Two Years in the Making

At Union Pacific Railroad, first-quarter traffic jumped 13 percent to 2.1 million units — its first quarterly volume gain in two years.

"We saw a pick-up in demand across the network. What a difference a year makes," said Chairman, President and CEO Jim Young during an April 22 conference, adding that a year ago, "everyone was trying to find the bottom" of the economy's downward spiral.

Canadian Pacific President and CEO Fred Green also noted the improving economy's effect on traffic — which increased 8 percent to 625,000 units — as well as on revenue and income gains.

"Our results reflect both improvements in the economy and CP's proven ability to rapidly adjust to changes in our customers' demands," he said in a prepared statement.

For Kansas City Southern, a strengthening economy meant a 15 percent jump in carloads to 443,200 units.

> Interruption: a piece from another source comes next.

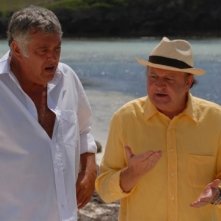 Massimo Boldi e Maurizio Mattioli in una scena del film tv Un coccodrillo per amico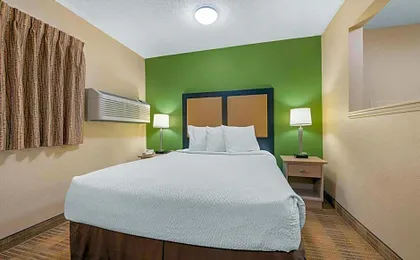 Extended Stay America Select Suites - Detroit - Warren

Volume rose in five of six commodity groups and bested the fourth quarter's total by 2 percent, which — echoing Moorman's comments — is "highly unusual," said KCS Chairman and CEO Mike Haverty in a prepared statement.

"Historically, first-quarter carloadings lag the fourth quarter on our railroad," he said.

Revenue Rates an 'A'

As a result of Q1 traffic gains, there was no lagging in revenue generation for the Class Is as CN's rose 6 percent to $2 billion, CP's increased 4 percent to $1.2 billion, CSX's shot up 11 percent to $2.5 billion, KCS' skyrocketed 26 percent to $436.3 million, NS' soared 15 percent to $2.2 billion and UP's jumped 16 percent to $4 billion. In addition, their earnings climbed by high single or double digits while a few Class Is set operating income records.

In terms of operating ratios, CN's decreased 2.4 points to 69.3, CP's dropped 5.7 points to 82.4, CSX's declined 2.3 points to a record 74.5, KCS' plummeted 11 points to 75.2, NS' fell 5.1 points to 75.2 and UP's plunged 5.3 points to a record 75.1.

Although each Class I reported higher Q1 operating expenses primarily because of rising fuel costs, they all anticipate earnings and income gains, strong revenue generation and healthy operating ratios in Q2 and beyond if traffic and efficiency trends hold.

UP officials believe current demand levels mean the Class I could post a double-digit volume gain again in the second quarter, while CSX officials expect double-digit earnings growth through 2010. Although the growth rate is "still somewhat unclear," NS also is anticipating good things ahead, said Moorman.

"Against the backdrop of an improving economy and continuing leverage as volume grows, the stage is set for a favorable 2010," he said.